Beschichtete Ballonkatheter sind in der Tat eine spannende Erfolgsgeschichte. Wer hätte gedacht, dass die initiale Benetzung der Intima mit Paclitaxel in einer bestimmten Konzentration – nach allem, was bis heute bekannt ist – die Kaskade der Intimaproliferation langfristig stoppt und das ohne unerwünschte Nebeneffekte, offenbar bei ganz gleich welcher Arterie und schließlich auch zu erschwinglichen Kosten? Das Aufbringen einer ausreichenden Menge an geeigneter Wirksubstanz auf den Ballon ohne Verlust während des Einbringens und deren wirksame Freisetzung scheinen hier der Schlüssel zum Erfolg bei der technischen Realisierung zu sein.

Klinisch war die Restenose der Koronarien das erste Behandlungsziel, das erfolgreich angegangen wurde.

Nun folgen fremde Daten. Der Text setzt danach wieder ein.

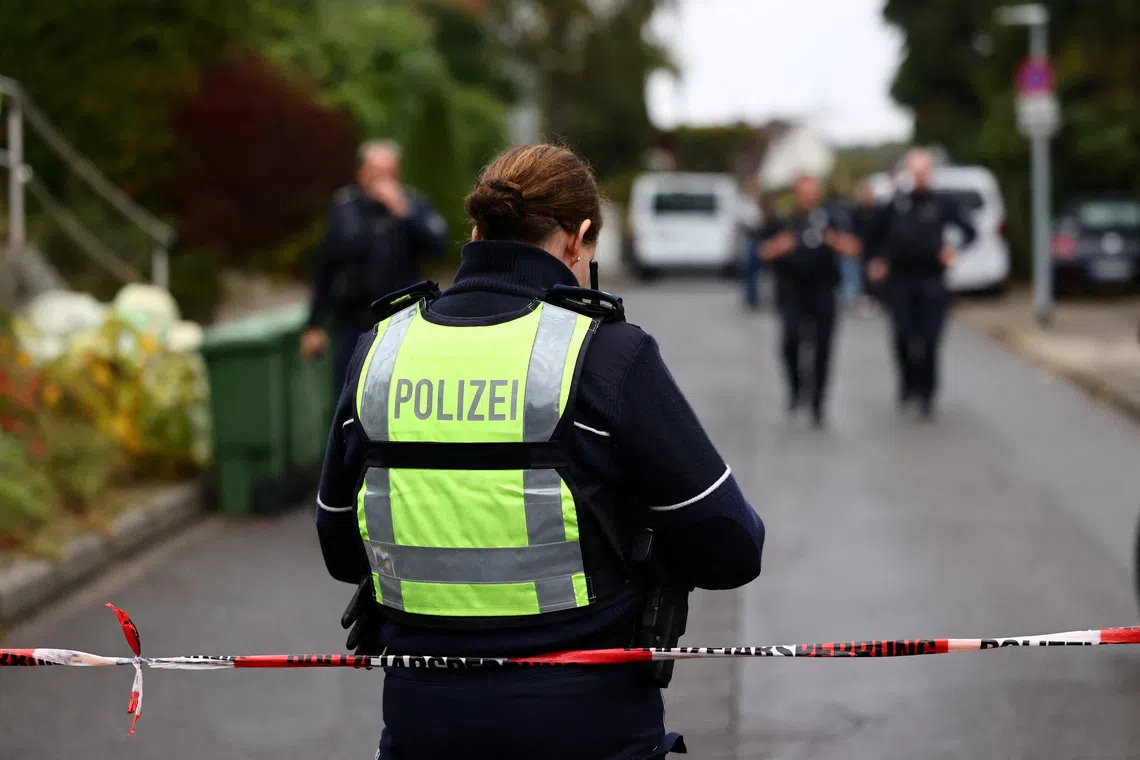 A police officer works at the scene after Herdecke's newly elected Mayor Iris Stalzer was found seriously injured in a stabbing incident, in Herdecke, Germany, October 7, 2025. REUTERS/Leon Kuegeler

Schritt für Schritt setzte sich in den letzten Jahren die Erkenntnis durch, dass der Einsatz von Paclitaxel beschichteten Ballons eine verbesserte Langzeitdurchgängigkeit bei peripherer arterieller Verschlusskrankheit etwa rekanalisierter Femoralarterien erreichen kann und die Aussicht auf ähnliche Ergebnisse eventuell popliteal besteht. Die Geschichte ist damit noch nicht zu Ende. Andere Gefäße wie etwa Dialyseshunts und Carotiden erweitern die Grenzen der Anwendung bei Restenosen und auch die primäre Behandlung problematischer Läsionen mit beschichteten Ballons steht zur Diskussion.

Die zur Preisverleihung ausgewählte Arbeit beschäftigt sich somit mit einem hochaktuellen Thema. Sie kommt aus der Werkstatt der Pioniere auf diesem Gebiet und bietet hierzu Einsichten in Grundlagen und Entwicklung sowie eine umfassende Übersicht über den gegenwärtigen Stand von experimenteller und klinischer Forschung.